Big Data 195 - KNN/K-Nearest Neighbors Algorithm Practice

TL;DR

Scenario: Supervised classification with small samples, low-dimensional features, use “similar sample voting” for quick results
Conclusion: KNN core is distance metric + K neighbor voting; feature scale determines distance reliability, K affects bias/variance
Output: A set of reproducible experiments (wine binary classification), distance calculation/sorting/voting flow, KNN function encapsulation

Supervised Learning Algorithm

KNN/K-Nearest Neighbors Algorithm

The core idea of K-Nearest Neighbors (KNN) is determining similarity based on distances between samples. Specifically, it calculates the feature space distance between the sample to be classified and each sample in the training set (common distance metrics include Euclidean distance, Manhattan distance or cosine similarity, etc.). If two samples are close enough in feature space, they are considered to have high similarity and likely belong to the same category.

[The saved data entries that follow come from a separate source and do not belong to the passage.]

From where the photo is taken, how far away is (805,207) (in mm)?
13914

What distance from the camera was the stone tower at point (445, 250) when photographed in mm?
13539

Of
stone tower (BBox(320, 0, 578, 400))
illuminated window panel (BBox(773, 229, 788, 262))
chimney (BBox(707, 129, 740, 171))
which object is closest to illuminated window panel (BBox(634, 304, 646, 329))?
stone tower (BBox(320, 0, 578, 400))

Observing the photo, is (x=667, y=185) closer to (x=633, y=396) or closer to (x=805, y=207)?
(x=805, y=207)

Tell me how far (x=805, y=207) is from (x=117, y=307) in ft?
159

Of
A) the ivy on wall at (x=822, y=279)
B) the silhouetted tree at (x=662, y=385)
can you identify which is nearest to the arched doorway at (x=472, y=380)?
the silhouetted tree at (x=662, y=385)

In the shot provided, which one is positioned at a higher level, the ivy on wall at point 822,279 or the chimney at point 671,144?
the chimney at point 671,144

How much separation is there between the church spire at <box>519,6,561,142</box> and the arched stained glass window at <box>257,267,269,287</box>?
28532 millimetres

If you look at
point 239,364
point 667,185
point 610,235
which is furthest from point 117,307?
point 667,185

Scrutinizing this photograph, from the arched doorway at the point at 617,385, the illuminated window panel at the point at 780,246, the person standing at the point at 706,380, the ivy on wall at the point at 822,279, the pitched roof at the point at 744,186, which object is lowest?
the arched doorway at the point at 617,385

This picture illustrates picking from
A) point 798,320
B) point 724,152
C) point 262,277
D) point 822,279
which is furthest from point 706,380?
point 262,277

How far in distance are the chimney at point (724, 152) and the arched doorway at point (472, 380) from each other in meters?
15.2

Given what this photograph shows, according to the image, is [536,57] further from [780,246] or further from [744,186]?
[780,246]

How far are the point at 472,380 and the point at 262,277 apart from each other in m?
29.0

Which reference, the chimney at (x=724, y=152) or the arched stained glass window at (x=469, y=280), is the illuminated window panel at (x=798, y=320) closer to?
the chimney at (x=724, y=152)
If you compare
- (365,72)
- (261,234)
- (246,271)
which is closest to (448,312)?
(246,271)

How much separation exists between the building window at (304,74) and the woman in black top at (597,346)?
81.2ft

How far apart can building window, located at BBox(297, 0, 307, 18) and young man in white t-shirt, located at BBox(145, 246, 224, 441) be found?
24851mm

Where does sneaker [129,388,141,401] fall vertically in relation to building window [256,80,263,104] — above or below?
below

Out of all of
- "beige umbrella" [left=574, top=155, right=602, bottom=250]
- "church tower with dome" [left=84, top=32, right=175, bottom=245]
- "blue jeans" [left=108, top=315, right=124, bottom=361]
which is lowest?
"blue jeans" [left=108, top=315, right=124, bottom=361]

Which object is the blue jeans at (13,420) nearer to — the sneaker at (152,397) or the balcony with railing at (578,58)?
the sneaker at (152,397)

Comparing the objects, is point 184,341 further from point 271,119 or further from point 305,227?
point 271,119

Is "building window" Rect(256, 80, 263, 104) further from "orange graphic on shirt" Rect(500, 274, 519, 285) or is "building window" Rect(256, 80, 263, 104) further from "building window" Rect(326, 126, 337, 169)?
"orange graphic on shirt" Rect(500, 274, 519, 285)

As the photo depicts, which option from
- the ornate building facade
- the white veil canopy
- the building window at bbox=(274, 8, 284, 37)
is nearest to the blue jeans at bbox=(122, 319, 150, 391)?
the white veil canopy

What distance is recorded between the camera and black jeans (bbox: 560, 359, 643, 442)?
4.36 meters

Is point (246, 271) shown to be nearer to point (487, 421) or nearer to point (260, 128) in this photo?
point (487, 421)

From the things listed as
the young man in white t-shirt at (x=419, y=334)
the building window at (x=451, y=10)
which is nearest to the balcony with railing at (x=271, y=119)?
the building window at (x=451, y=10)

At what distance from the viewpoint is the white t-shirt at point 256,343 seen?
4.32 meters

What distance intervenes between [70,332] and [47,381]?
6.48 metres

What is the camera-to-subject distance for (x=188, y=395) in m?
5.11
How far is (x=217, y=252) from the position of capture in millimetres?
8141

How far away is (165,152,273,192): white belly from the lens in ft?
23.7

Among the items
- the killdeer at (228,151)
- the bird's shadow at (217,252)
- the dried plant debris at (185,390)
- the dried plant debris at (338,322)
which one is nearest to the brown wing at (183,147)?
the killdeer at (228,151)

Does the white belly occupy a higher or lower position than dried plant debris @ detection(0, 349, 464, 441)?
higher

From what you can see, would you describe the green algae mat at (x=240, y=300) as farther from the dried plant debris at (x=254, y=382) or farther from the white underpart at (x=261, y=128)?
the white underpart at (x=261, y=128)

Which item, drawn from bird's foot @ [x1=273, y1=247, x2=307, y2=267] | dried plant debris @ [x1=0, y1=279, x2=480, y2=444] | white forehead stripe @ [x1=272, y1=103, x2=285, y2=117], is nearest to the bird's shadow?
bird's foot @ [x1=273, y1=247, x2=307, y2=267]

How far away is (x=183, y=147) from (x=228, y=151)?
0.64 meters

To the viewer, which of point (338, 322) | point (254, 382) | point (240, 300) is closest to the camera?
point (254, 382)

In practical applications, relying on only a single nearest neighbor sample for classification is easily affected by noise and outliers, causing unstable classification results. Therefore, the KNN algorithm selects the K nearest samples (i.e., K nearest neighbors), these neighbor samples form the local neighborhood of the sample to be classified. The algorithm counts the category label distribution among these neighbor samples (labels represent the true category of samples, like “cat”, “dog”, etc. classification results). Then uses voting mechanism: the category with most occurrences among K neighbors is used as the prediction result for the sample to be classified.

For example, in image classification, assuming K=5, among the 5 nearest neighbors of the image to be classified, there are 3 “cat” and 2 “dog” images, then the algorithm will classify this image as “cat”. This local neighborhood voting mechanism gives KNN good robustness to noisy data, while K value selection (usually determined through cross-validation) directly affects the algorithm’s classification performance.

Implementation Process

Assume X_test is the sample to be labeled, X_train is the labeled dataset.

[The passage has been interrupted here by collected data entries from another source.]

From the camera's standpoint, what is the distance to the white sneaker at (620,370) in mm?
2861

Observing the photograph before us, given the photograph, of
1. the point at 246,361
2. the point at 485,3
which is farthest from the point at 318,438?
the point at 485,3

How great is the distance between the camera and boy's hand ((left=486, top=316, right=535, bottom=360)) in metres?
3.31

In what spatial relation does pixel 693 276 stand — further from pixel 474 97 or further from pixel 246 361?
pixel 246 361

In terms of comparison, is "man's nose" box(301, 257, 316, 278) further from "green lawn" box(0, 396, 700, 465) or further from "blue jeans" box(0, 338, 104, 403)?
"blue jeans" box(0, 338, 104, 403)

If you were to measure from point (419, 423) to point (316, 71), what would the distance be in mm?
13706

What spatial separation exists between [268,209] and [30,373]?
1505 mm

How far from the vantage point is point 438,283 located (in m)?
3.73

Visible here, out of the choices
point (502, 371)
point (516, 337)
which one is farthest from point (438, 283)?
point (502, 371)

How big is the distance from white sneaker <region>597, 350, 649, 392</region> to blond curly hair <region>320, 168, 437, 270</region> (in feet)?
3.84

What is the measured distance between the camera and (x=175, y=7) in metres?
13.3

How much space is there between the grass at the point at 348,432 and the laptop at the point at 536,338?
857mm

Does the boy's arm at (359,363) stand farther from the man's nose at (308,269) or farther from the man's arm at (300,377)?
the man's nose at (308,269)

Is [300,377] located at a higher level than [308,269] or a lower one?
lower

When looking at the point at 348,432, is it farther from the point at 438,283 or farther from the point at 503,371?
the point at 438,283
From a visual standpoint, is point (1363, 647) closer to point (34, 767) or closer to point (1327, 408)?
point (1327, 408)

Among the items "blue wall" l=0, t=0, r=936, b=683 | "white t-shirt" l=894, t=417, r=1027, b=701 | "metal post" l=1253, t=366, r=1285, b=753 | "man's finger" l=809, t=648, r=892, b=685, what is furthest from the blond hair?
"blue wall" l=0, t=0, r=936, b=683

Iterate through all samples in the labeled dataset, calculate distance from each sample to the point to be labeled, and store distances in Distance array
Sort Distance array, take the K nearest points, record as X_knn
Count each category in X_knn: how many class0 samples in X_knn, how many class1 samples in X_knn
The category of the sample to be labeled is the category with most samples in X_knn

Distance Determination

The algorithm’s [distance] on a two-dimensional coordinate axis represents the distance between two points. There are many formulas for calculating distance. What we commonly call is the Euler formula, i.e., “Euclidean distance”.

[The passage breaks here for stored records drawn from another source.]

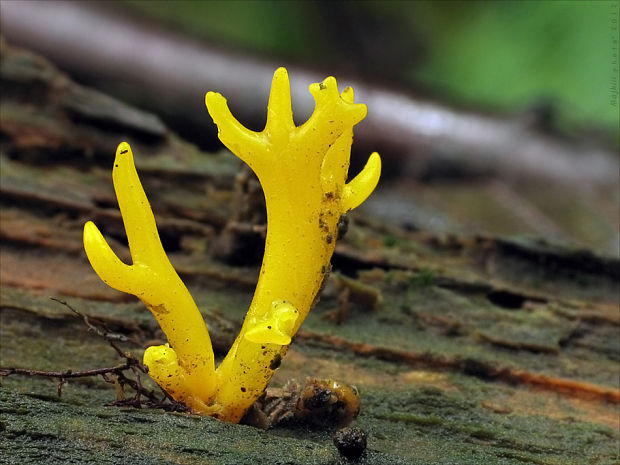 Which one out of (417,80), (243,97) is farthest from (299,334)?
(417,80)

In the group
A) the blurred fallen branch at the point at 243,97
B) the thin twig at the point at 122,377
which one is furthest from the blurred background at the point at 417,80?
the thin twig at the point at 122,377

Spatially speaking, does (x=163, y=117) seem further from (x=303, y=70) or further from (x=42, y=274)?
(x=42, y=274)

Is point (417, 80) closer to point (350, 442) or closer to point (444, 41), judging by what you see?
point (444, 41)

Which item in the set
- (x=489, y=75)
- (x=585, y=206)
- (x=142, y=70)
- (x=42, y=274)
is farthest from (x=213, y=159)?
(x=585, y=206)

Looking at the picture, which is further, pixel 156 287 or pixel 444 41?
pixel 444 41

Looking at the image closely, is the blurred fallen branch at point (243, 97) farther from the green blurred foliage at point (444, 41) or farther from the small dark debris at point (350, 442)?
the small dark debris at point (350, 442)

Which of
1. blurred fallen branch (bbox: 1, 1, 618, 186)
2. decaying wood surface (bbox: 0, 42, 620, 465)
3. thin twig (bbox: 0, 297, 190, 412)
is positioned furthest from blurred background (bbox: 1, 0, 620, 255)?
thin twig (bbox: 0, 297, 190, 412) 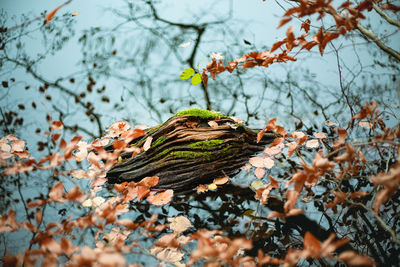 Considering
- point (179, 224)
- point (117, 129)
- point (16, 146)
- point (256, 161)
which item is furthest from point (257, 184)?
point (16, 146)

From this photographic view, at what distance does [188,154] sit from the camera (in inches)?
80.3

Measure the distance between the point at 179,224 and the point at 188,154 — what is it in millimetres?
645

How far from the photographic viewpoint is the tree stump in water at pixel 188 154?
1.99m

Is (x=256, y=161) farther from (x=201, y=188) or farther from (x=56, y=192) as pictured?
(x=56, y=192)

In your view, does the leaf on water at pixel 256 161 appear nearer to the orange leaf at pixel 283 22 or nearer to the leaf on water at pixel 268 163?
the leaf on water at pixel 268 163

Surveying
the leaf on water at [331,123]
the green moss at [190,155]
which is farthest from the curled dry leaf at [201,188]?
the leaf on water at [331,123]

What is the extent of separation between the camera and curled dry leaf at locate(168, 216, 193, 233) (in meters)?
1.55

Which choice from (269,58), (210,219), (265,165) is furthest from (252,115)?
(210,219)

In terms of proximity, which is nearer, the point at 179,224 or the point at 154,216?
the point at 154,216

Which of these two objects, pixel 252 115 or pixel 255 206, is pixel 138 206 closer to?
pixel 255 206

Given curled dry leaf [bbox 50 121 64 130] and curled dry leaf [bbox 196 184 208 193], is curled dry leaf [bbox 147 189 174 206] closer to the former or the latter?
curled dry leaf [bbox 196 184 208 193]

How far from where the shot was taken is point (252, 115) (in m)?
3.14

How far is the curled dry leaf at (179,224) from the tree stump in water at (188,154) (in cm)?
34

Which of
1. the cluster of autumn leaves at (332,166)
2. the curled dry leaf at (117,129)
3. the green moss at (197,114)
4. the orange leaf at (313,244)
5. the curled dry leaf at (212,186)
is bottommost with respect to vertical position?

Euclidean distance formula: $$d(A, B) = \sqrt{(x_1-x_2)^2 + (y_1-y_2)^2}$$

When there are many features forming multi-dimensional space, in N-dimensional space there are two points A and B with coordinates: $$d(A, B) = \sqrt{\sum_{i=1}^{n}(a_i - b_i)^2}$$

In machine learning, x1, x2, x3 on the coordinate axis are exactly the N features of our samples.

Algorithm Advantages

K value mechanism:
- When k=1, model only considers one nearest sample point, making decision boundary very complex
- As K value increases, model considers more neighbors’ voting results, making decision boundary tend toward smooth
K value and model bias relationship:
- Larger K values (e.g., k=15) increase model bias because decisions are based on average of more samples
- This makes model less sensitive to individual noisy data points (like mislabeled samples)
- In extreme case, when K approaches training set size, model will simply predict the majority class
K value and model variance relationship:
- Smaller K values (e.g., k=1 or 3) increase model variance
- Model easily captures random fluctuations and noise in training data
Parameter selection practical experience:
- Usually start trying from k=5, this is an empirical rule
- Can find optimal K through cross-validation, common method is plotting K value vs accuracy curve
- In sklearn, can use GridSearchCV for K value tuning
K value selection in different scenarios:
- For noisy datasets (like sensor data), recommend larger K values (7-15)
- For clearly separable data (like MNIST handwritten digits), smaller K values (3-5) may be more suitable
- When class distribution is imbalanced, K value shouldn’t be too small, otherwise easily affected by minority class samples

Algorithm Variants

Variant 1: Weighted KNN

By default, weights are the same when calculating distance, but can actually specify different distance weights for different neighbors, e.g., closer distance has higher weight. Can be achieved by specifying algorithm’s weights parameter.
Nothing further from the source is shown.